La inteligencia es experimental, se puede medir en cualquier examen y se aplica aún a las reacciones elementales de los simios, los canes o los caballos. Por tanto, es un recurso utilitario, “sirve para”. El mono que alcanza el palo para tocar el banano fuera de la jaula es minímamente inteligente como el político cuya estrategia le ofrece resultados.
Nadie se jacte por tanto de un recurso universal. La erudición, por su parte, es la vastedad del conocimiento, la que se vale del prodigio de la memoria. Has leído y lees aún con avidez desde clásicos hasta modernos y de todas las disciplinas en la carrera de tu vocación humanista. Soberbio sería llamarte “erudito”, no obstante, pero la tuya es una acumulación que, aún con tramos que se disuelven entre las nieblas del olvido te ayudan a pensar mejor. El conocimiento universal o lo que Luis Alberto Sánchez denominaba la “ambición cósmica” del conocimiento, te proveerá sin que lo repares siquiera de elementos que sirvan para tu buen criterio. Balmes define este término en su clásico libro, pero lo superpone sutilmente al de inteligencia.
Y bien, llegamos a la cumbre: la sabiduría. No se espanten si les digo que un hombre rudimentario y sin lecturas, pero con la luz interior bien prendida y el misterioso discernimiento como atributo, puede ser más sabio que el mayor de los eruditos o el más sagaz o inteligente de los hombres. Un hombre sin la formación prolija de un científico, de un voraz lector o de un humanista, puede tener tal magnífica luz, que como una habilidad propia, le permite discernir el bien del mal, lo conveniente de lo inconveniente o, mejor aún, las mejores opciones que conducen a la felicidad. Es aquel que sabe ver mejor que otros la descomunal grandeza de un espíritu o la validez de un acto que quizás no sea realmente heroico ni noble.
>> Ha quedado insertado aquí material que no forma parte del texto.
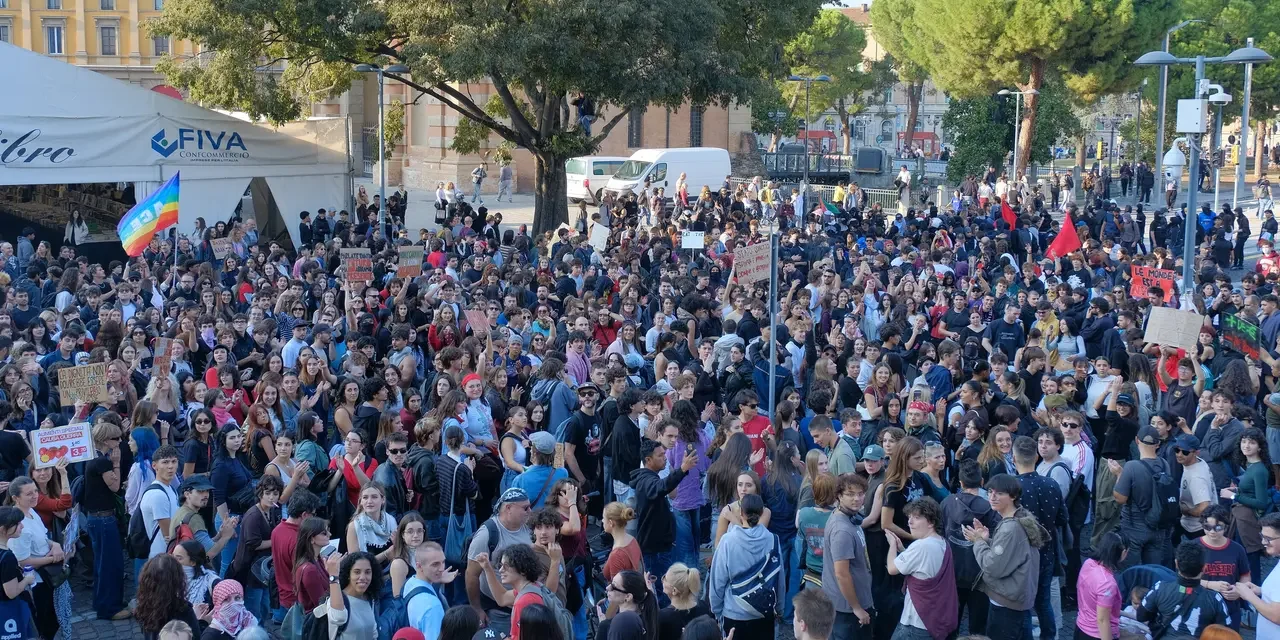 Scioperi, il 30 ottobre e il 20 novembre due “venerdì neri” di proteste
El inteligente “sabe cómo”, el erudito “sabe mucho”, el sabio “ve” y por ver sabe ser feliz y formar a los otros para que sigan por esa senda que él bien halló. Pero en la felicidad del “saber vivir” no se agota su virtud. Tiene el espíritu amplio y profundo para albergar los sentimientos más nobles, la capacidad de trascender y de ver, de ver más allá de lo visible, de lo evidente, de lo tangible y de lo real. No se agota en las menudencias cotidianas, odia lo prosaico y solo tiene el ojo fijo en la grandeza, en lo sublime, en lo poético y en lo trascendental.
Puedes obtener un alto puntaje en las pruebas manidas y relativas de Coeficiente Intelectual y hasta jactarte con los tuyos de tu promedio o contarle a todos que tus estanterías librescas son las más provistas de la ciudad o que tus ojos ya malheridos por la presbicia de un recorrido largo lo han sorbido todo, que el Universo, el paraíso borgeano de tu biblioteca habita tus ojos y tu alma. Pero…
Pero, digo, necio será quien no aspire a cambiar todos esos atributos por una minúscula porción de sabiduría. De entre todas las cualidades y conquistas del intelecto, prefiero la sabiduría, que es luz, trascendencia, plenitud, sencillez, discernimiento y amor, pero sobre todo “ver”. Y al decir de Erasmo, al quejarse de los doctos soberbios de la fe, es también locura y por locura niñez, sencillez y alegría plena y franca. Que esta sea la virtud que la vasta experiencia y el disciplinado viaje interior les procure en algún momento de su corto o largo viaje.